The RISE Framework is a learning analytics methodology for identifying OER resources in a course that may need improvement. On one level, this is an interesting development, since so few learning analytics projects are actually getting into how to improve the actual education of learners. But on the other hand, I am not sure if this framework has a detailed enough understanding of instructional design, either. A few key points seem to be missing. It’s still early, so we will see.

The basic idea of the RISE Framework is that analytics will create a graph that plots page clicks in OER resources on the x-axis, and grades on assessments on the y-axis. This will create a grid that shows where there were higher than average grades with higher than average clicks, higher than average grades with lower than average clicks, lower than average grades with higher than average clicks, and lower than average grades with lower than average clicks. This is meant to identify the resources that teachers should consider examining for improvement (especially focusing on the ones that got a high number of clicks but lower grade scores). Note that this is not meant to definitely say “this is where there is problem, so fix it now” but more ” there may or may not be a problem here, so check it out.” Keep that in mind while I explore some of my doubts here, because I would be a lot harsher on this if it was presented as a tool to definitely point out exact problems rather than what it is: a way to start the search for problems.

Of course, any system of comparing grades with clicks itself is problematic on many fronts, and the creators of the RISE Framework do take this into consideration when spelling out what each of the four quadrants could mean. For example, in the quadrant that specifies high grades with low content usage, they not only identify “high content quality” as the cause of this, but also “high prior knowledge,” “poorly written assessment,” and so on. So this is good – many factors outside of grades and usage are taken into account. This is because, on the grade front, we know that scores are a reflection of a massive number of factors – the quality of the content being only one of those (and not always the biggest one). As  noted, prior knowledge can affect grades (sometimes negatively – not always positively like the RISE framework appears to assume). Exhaustion or boredom or anxiety can impact grades. Again, I am glad that these are in the framework, but the affect these have on grades is assumed in one direction – rather than the complex directions they take in real life. For example, students that game the test or rubric can inflate scores without using the content much – even on well-designed assessments (I did that all of the time in college).

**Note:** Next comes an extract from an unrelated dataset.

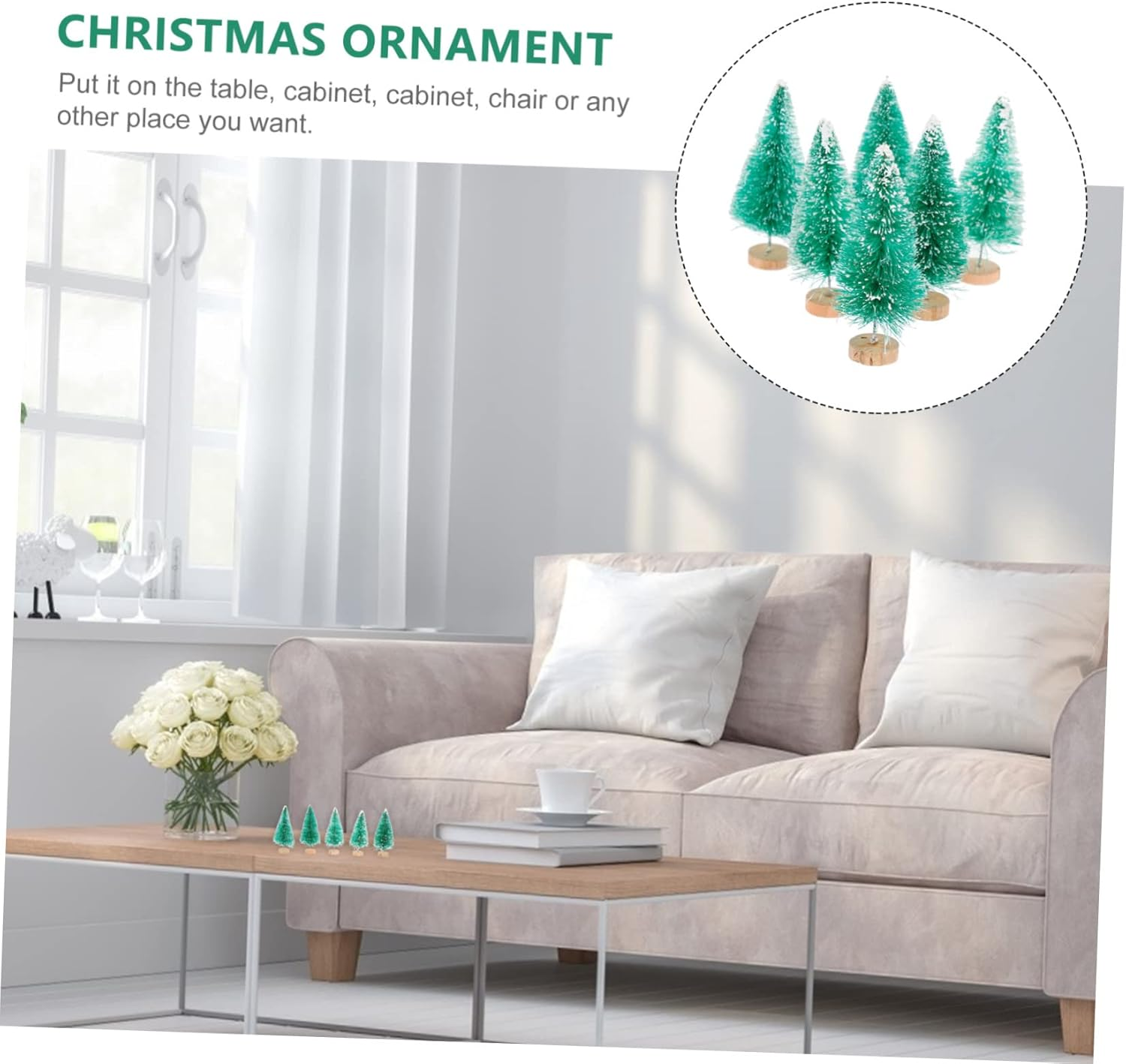 12 Led Mini Christmas Trees PVC Blue Green Gold Christmas Tree Decorations Party Supplies image number 5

However, the bigger concern with the way grades are addressed in the RISE framework is that they are plotting assessment scores instead of individual item scores. Anyone that has analyzed assessment data can tell you that the final score on a test is actually an aggregate of many smaller items (test questions). That aggregate grade can mask many deficiencies at the micro level. That is why instructors prefer to analyze individual test questions or rubric lines than the aggregate scores of the entire test. Assessments could cover, say 45 questions of content that were well covered in the resources, and then 5 questions that are poorly covered. But the high scores on the 45 questions, combined with the fact that many will get some questions right by random guessing on the other 5, could result in test scores that mask a massive problem with those 5 questions. But teachers can most likely figure that out quickly without the RISE framework, and I will get to that later.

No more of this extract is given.